> **Aim of the exercise**:
The answer must be every entry below, word for word, with the pictures left out.

> **Given records**:

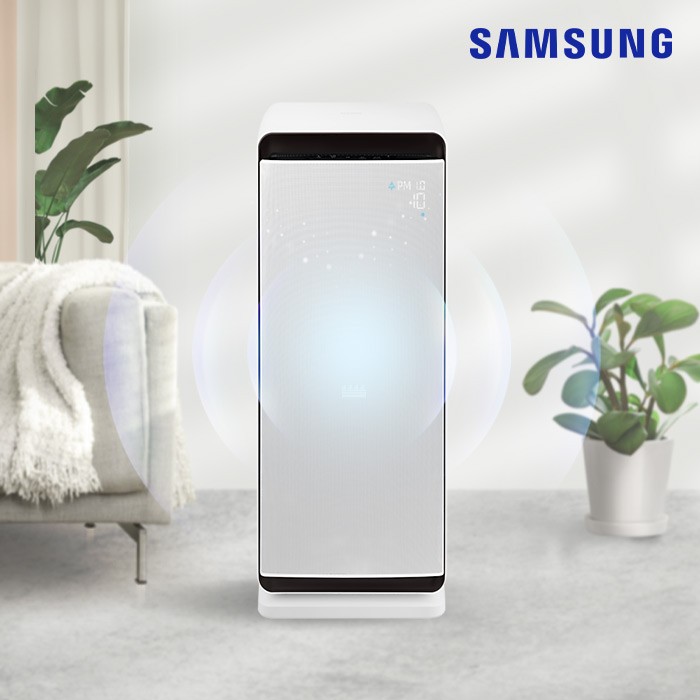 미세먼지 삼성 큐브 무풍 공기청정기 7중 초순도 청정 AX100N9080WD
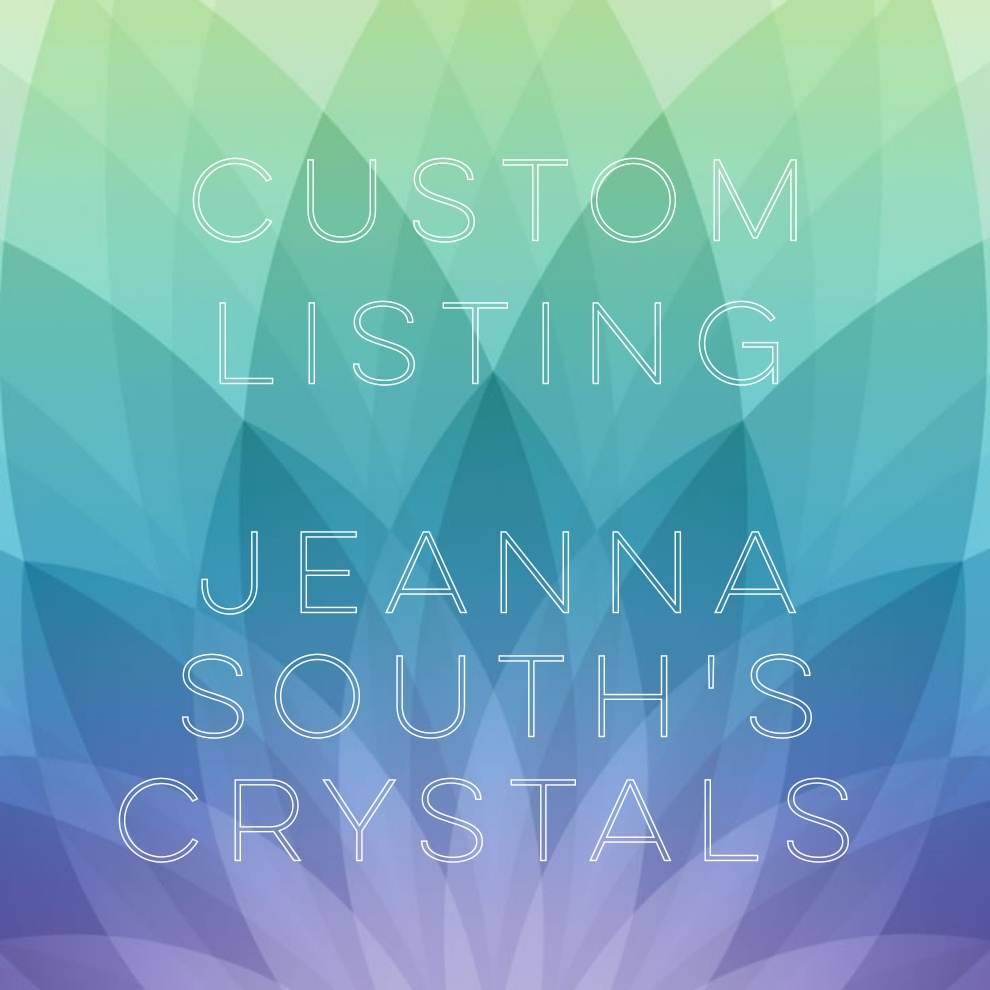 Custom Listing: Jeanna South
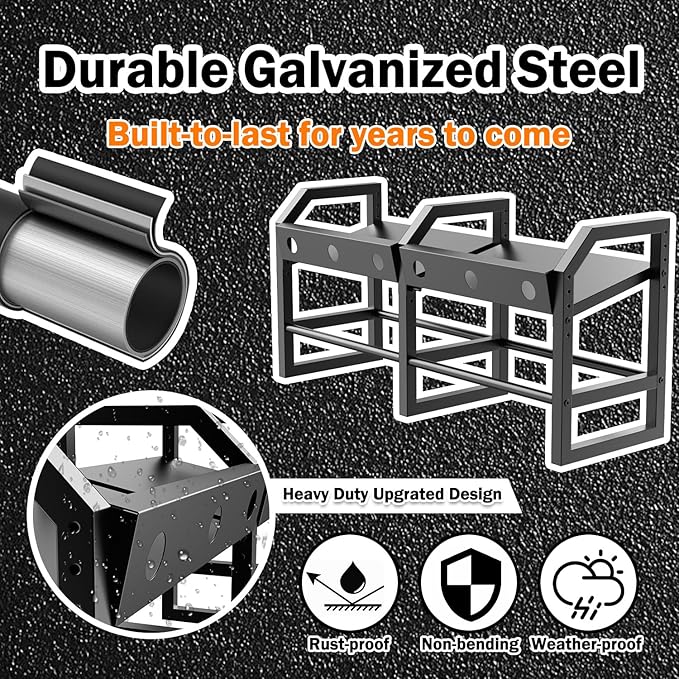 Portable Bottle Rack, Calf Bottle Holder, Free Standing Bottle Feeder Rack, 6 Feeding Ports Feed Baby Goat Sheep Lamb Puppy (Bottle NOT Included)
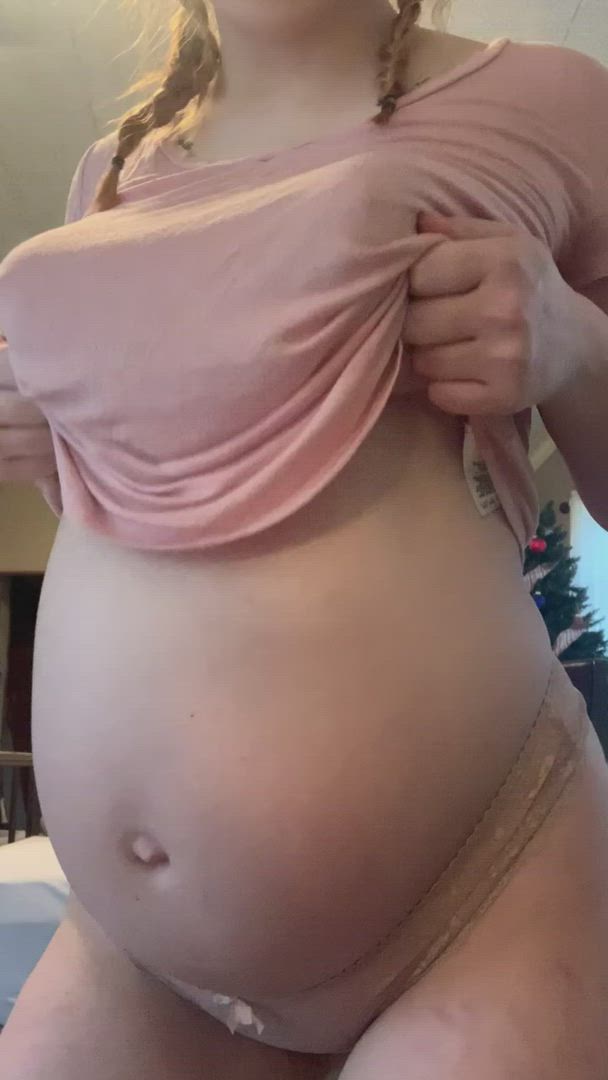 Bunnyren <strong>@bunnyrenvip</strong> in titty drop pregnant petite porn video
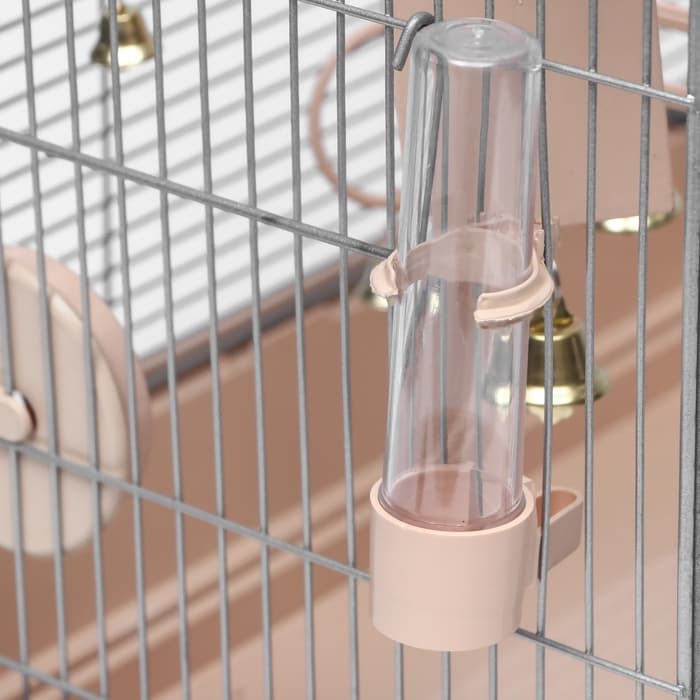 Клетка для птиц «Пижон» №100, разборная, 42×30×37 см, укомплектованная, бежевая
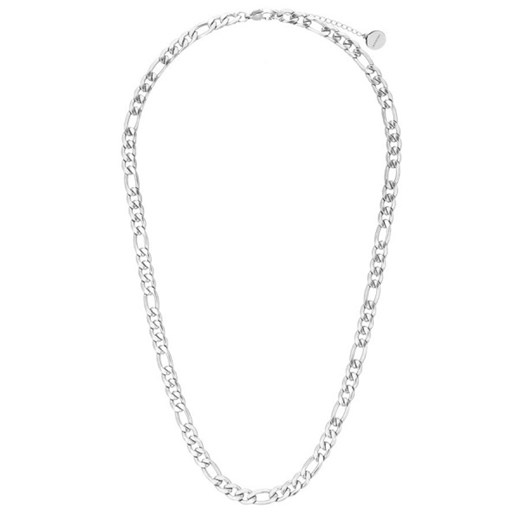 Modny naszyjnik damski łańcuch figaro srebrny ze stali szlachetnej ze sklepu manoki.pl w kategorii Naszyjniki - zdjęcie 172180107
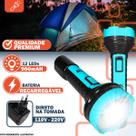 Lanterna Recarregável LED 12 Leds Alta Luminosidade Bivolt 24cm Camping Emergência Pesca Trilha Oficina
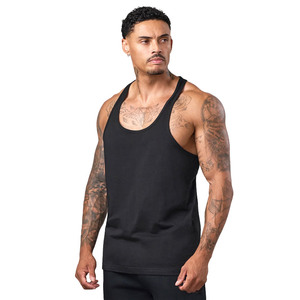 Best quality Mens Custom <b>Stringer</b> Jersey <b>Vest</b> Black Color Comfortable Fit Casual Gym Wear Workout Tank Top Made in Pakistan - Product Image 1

> **Exercise output**:
 미세먼지 삼성 큐브 무풍 공기청정기 7중 초순도 청정 AX100N9080WD
 Custom Listing: Jeanna South
 Portable Bottle Rack, Calf Bottle Holder, Free Standing Bottle Feeder Rack, 6 Feeding Ports Feed Baby Goat Sheep Lamb Puppy (Bottle NOT Included)
 Bunnyren <strong>@bunnyrenvip</strong> in titty drop pregnant petite porn video
 Клетка для птиц «Пижон» №100, разборная, 42×30×37 см, укомплектованная, бежевая
 Modny naszyjnik damski łańcuch figaro srebrny ze stali szlachetnej ze sklepu manoki.pl w kategorii Naszyjniki - zdjęcie 172180107
 Lanterna Recarregável LED 12 Leds Alta Luminosidade Bivolt 24cm Camping Emergência Pesca Trilha Oficina
 Best quality Mens Custom <b>Stringer</b> Jersey <b>Vest</b> Black Color Comfortable Fit Casual Gym Wear Workout Tank Top Made in Pakistan - Product Image 1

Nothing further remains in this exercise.